Williams was very critical of Sexton’s support for Protection Poker, stating among other things:
I can’t belie you would support this. The most important players to the poker “economy” are the amateur or less experienced players and this system does anything but protect them.
Williams also argued that the presence of an odds calculator is definitely not good for the game, as it emphasizes the fact that an amateur player got his chips in the middle really bad. This is not what a recreational wants to see or hear about. He simply wants to get lucky and get on with his day.
A few others commenting on Twitter echoed Williams’ sentiment.

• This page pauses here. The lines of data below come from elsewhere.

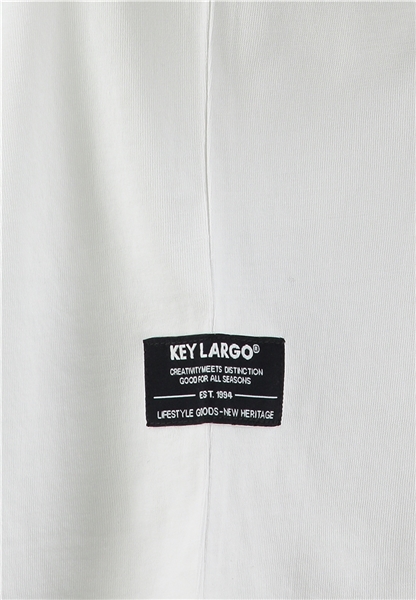 T-Shirt KLVERONA round-loose Key Largo – Bild 5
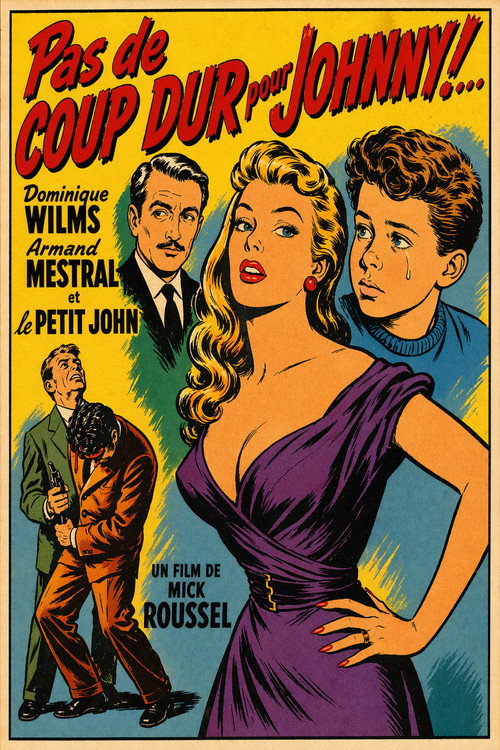 Movie poster for No Big Deal for Johnny (1955)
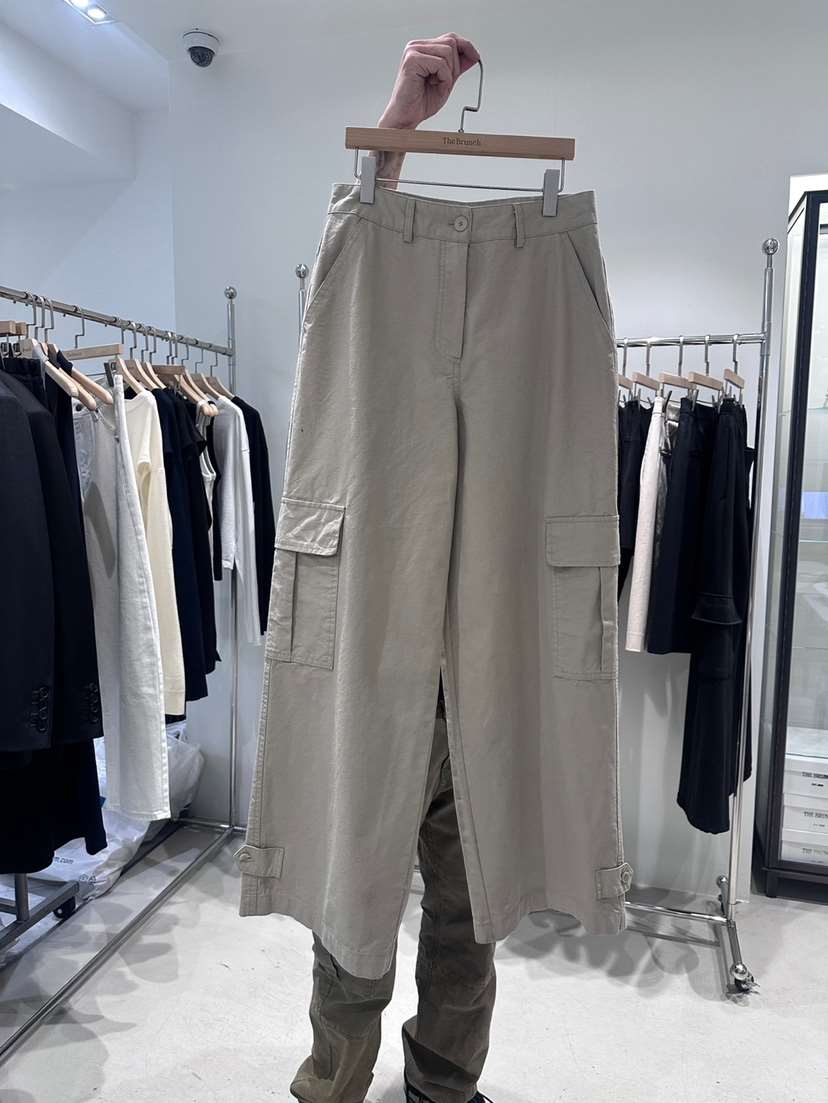 THE BRUNCH東大門實拍女士新款熱賣真品職業人氣休閑休閑褲THE BRUNCH休閑褲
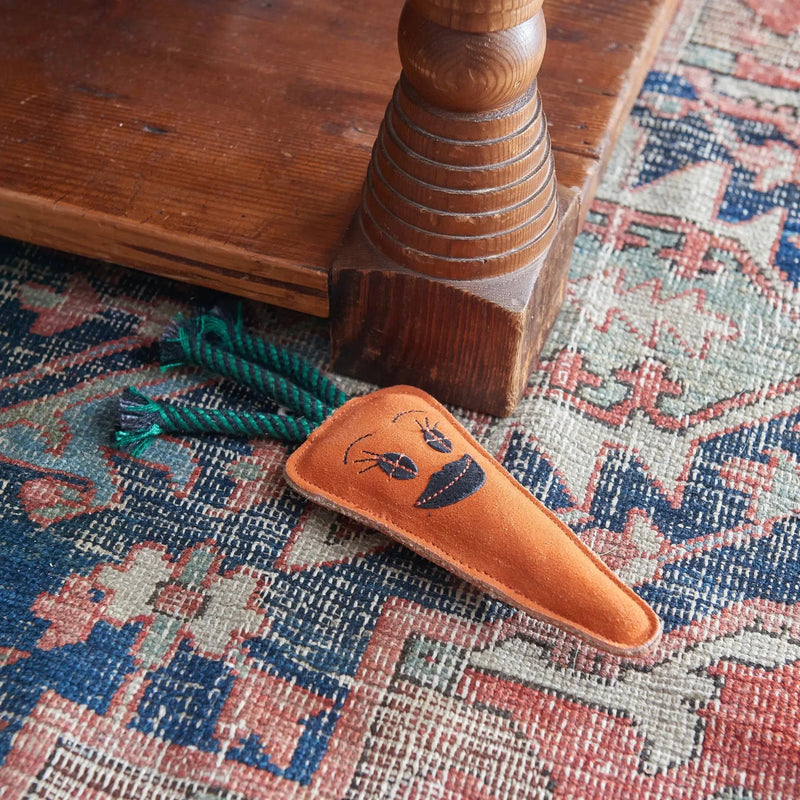 Green & Wilds | Candice the Carrot - Eco Dog Toy-Green & Wilds-Love My Hound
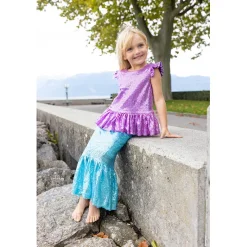 Great Pretenders Dress-Up Costume, Mermaid Skirt and Top, Sequins Sparkle - Size 5-6 Years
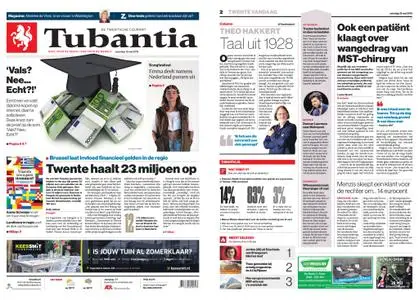 Tubantia - Enschede – 18 mei 2019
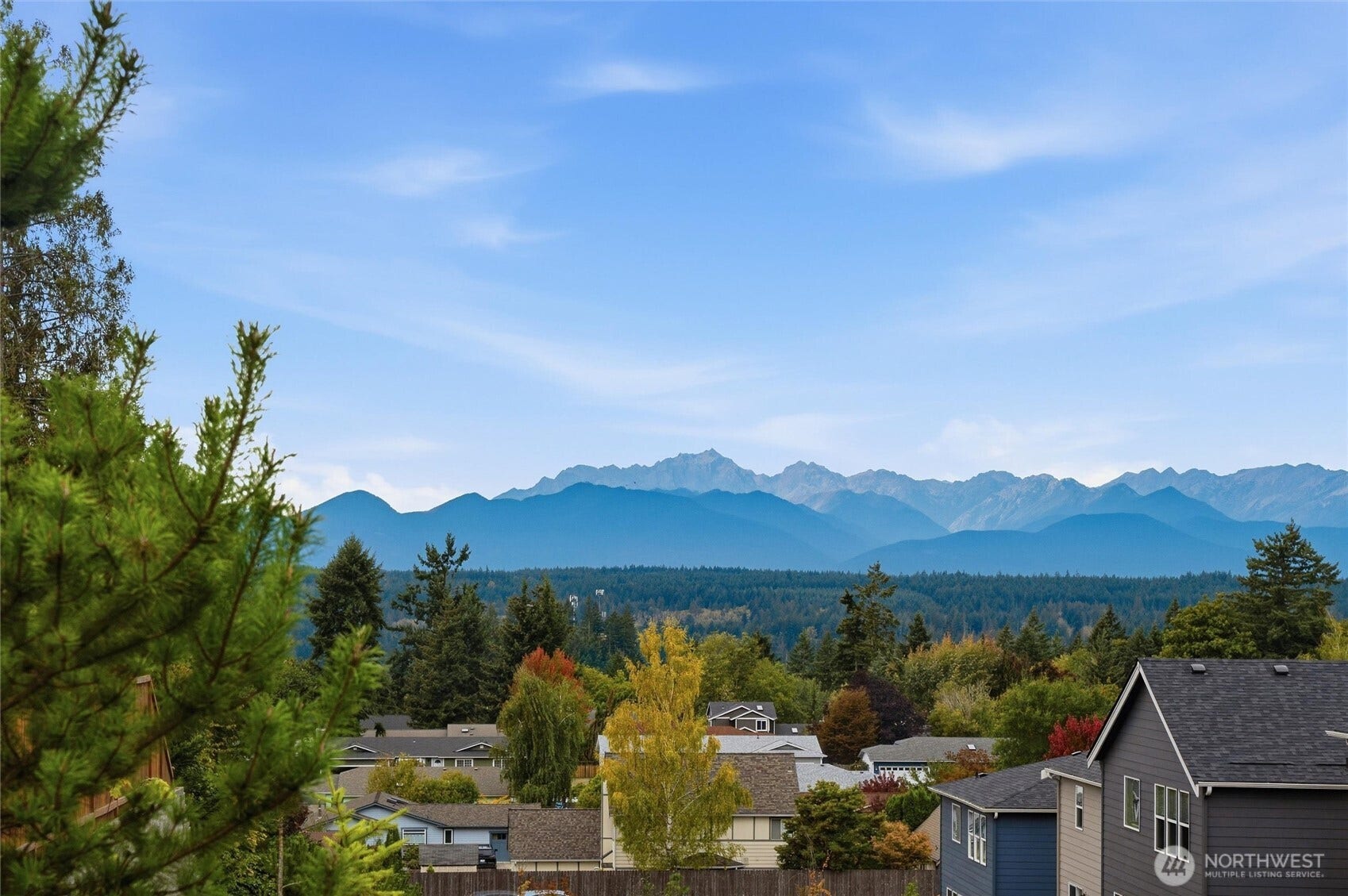 View from neighborhood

@dwpoker @MikeSexton_WPT Even as an amateur, I don’t want our games turned into “carnie” games. #wheresthebonuscoinslot
— JD Grover (@jdgrover) October 17, 2016
Of course, this is not to say that everyone hates the idea. There are also those who love the fact that they will be able to play in a game where bad beats are not as bad. Getting it in good and losing does suck a little bit, no doubt about that, but as one of those commenting aptly put it: that’s poker.
Do we need more skill vs. luck?
One of the reasons poker has lost some of its popularity is that amateur players simply can’t (and don’t really care to) keep up with the game evolution. This is particularly evident online where games have reached a point where a recreational player basically stands a zero chance to win.
#ProtectionPoker in action @ARIAPoker pic.twitter.com/0Xpg2mCeGJ
— Protection Poker (@ProtectionPoker) October 18, 2016
Poker is a skill game. It’s always been and it’ll always be. However, if skill is overly emphasized, it could cause amateurs to stop playing altogether. Perhaps if poker was played more for prestige and less for money (like chess, for example), that would make some sense. But, if players want to keep making money from the game, luck must remain present.
And significantly so.
Protection Poker has some sort of romantic note to it, for the lack of better expression. It aims to remove or lessen bad beats. But, bad beats are at a very heart of the game; without bad beats we probably wouldn’t have Chris Moneymaker, the poker boom, and poker as we know and love today.